In Singapore, a newly incorporated Singapore company, or foreign company incorporated in
Singapore, is exempt from taxation on the first S$100,000 of annual profits for the first three years
of business. This exemption applies only to companies that are (i) tax residents in Singapore (ii)
have 20 shareholders or less (iii) at least 10% of its shareholders are individuals. For companies
that do not comply with this criteria, although full tax exemption is not available for the first
S$100,000 of profits, partial exemption still applies. Companies that do comply with the full
exemption, also benefit from partial tax exemption on the next S$200,000 of profits. Partial tax
exemption involves a 50% tax exemption on a maximum of S$300,000 of profits - S$200,000 for
those that benefit from full exemption as well. This works out to a tax rate of approximately 8.5%
on the first S$300,000 of profits, an extremely low rate for an OECD member country.
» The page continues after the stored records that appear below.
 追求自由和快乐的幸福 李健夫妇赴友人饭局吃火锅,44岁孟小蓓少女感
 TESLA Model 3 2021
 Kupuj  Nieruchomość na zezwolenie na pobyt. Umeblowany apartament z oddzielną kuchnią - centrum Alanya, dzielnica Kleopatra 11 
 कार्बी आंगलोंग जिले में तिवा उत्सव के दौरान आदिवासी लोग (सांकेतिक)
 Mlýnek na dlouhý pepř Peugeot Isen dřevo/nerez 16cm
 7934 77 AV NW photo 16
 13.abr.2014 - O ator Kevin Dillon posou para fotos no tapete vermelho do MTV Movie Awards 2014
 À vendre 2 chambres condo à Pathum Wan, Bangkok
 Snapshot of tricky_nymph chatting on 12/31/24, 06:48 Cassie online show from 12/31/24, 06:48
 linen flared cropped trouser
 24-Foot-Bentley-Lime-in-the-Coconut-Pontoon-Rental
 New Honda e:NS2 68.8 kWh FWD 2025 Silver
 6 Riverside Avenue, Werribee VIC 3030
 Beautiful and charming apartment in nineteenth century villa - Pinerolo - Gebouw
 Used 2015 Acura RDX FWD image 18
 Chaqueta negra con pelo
Singapore provides a tax environment that is highly favourable to company setup without causing
detriment to the social and economic environment the Singapore government provides for its
people. With such low tax rates working effectively in a nation that maintains prestige, efficiency
and high quality of life, many may begin to question the need for such high tax rates in other
nations. Ultimately, tax benefits, amongst Singapore’s many other impressive facets, provides a
key selling point for entrepreneurs. It is therefore no surprise that Singapore has become an
important business centre in Asia and globally.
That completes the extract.